Yeah so this is why I said "no way for the typical consumer to have a product experience like this" because what you're saying is true, but not something an individual can rely on.

Typical consumers have no way of ensuring their UI is, in fact, encrypting the data and not farming it out. They cannot verify the source code themselves, because they don't have the technical skill set they'd need to do so (nor, frankly, the time). They're reliant on the goodwill of whoever packaged and installed the offering for them not doing anything to that offering.

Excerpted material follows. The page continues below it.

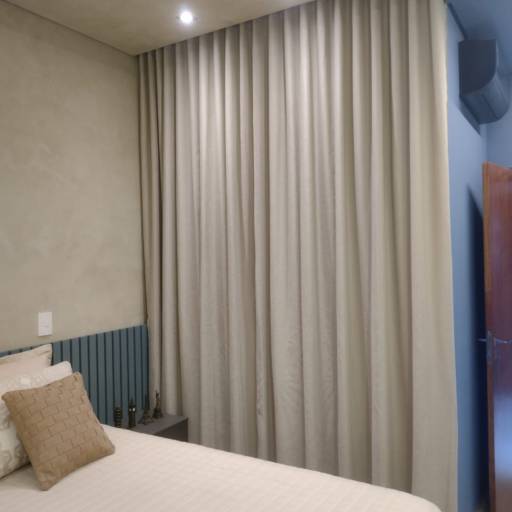 Cortina em Tecido Voil trabalho feito com forro de Tergal e blackout ao fundo, no trilho suisso e na fita wave dentro do cortineiro! por Ramos Decorações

Technical power users can circumvent this because they can build/install from source, verify keychains, read the source, etc. Non-technical users can't do this, and need someone to help them. That someone will most likely be in the form of a third party organization that does this in exchange for money. They're placing their trust in that third party.

The point I'm getting at is that, eventually, a consumer has to trust a third party who may have incentives that don't align with their own. They're just playing a game of which vendor to place that trust in. This is why centralization is still the predominant architecture choice for the overwhelming majority of products, even in a world where myriad decentralized solutions exist for almost everything. It turns out that having bespoke third parties run decentralized solutions for customers is often not a better product experience, and still has the same root problem even if it manifests in different ways.

> a consumer has to trust a third party who may have incentives that don't align with their own

That's true for literally anything, not just IoT security and privacy. I mean, even for highly technical users, one can't do everything from scratch, nor even check and control every single aspect: you gotta trust the the computer hardware or OS you're using isn't backdoored, you gotta trust the people that built the place you live in didn't put half the rebar actually needed or wired the whole thing backwards or with thinner-than-required wires, you gotta trust that the food you eat isn't going to make you sick...

Same for HASS, one could delegate trust to a specialist that would install a HA Green or Yellow box for them, just as they do for electrical wiring. HA is only "third party" because the IoT place lacks standards but is in essence no different than wiring stuff from different vendors, where "myriads of decentralised solutions" exist only because of standards, and for which decentralisation essentially means everyone is a third party to everyone else.

So I don't think dismissing HASS as third party is fair, and wiring IoT with virtual wires is no different than wiring a breaker box. If you don't know how to do it it can be dangerous, and so you delegate and trust someone to do their job properly.

> The point I'm getting at is that, eventually, a consumer has to trust a third party who may have incentives that don't align with their own. They're just playing a game of which vendor to place that trust in.

The problem is that approximately NONE of the commercial vendors are in any way trustworthy. They're really pushing hard the degree of abuse they inflict on the customers, and social immunity takes long time to build.

The ultimate solution IMO is to have people trust in people they can actually trust - that is, make the third parties local. A partner, a kid, a neighbor, a small company servicing the local community and physically located in it. At this scale, trust can be managed through tried-and-true social techniques humans are innately good at, and have successfully used for many thousands of years. This is how you make most of the tech industry and adjacent problems go away.

I suppose the vendor could sell a home server device, which runs some kind of Tailscale-like technology to make it available from the internet, and the app talks to that locally hosted server.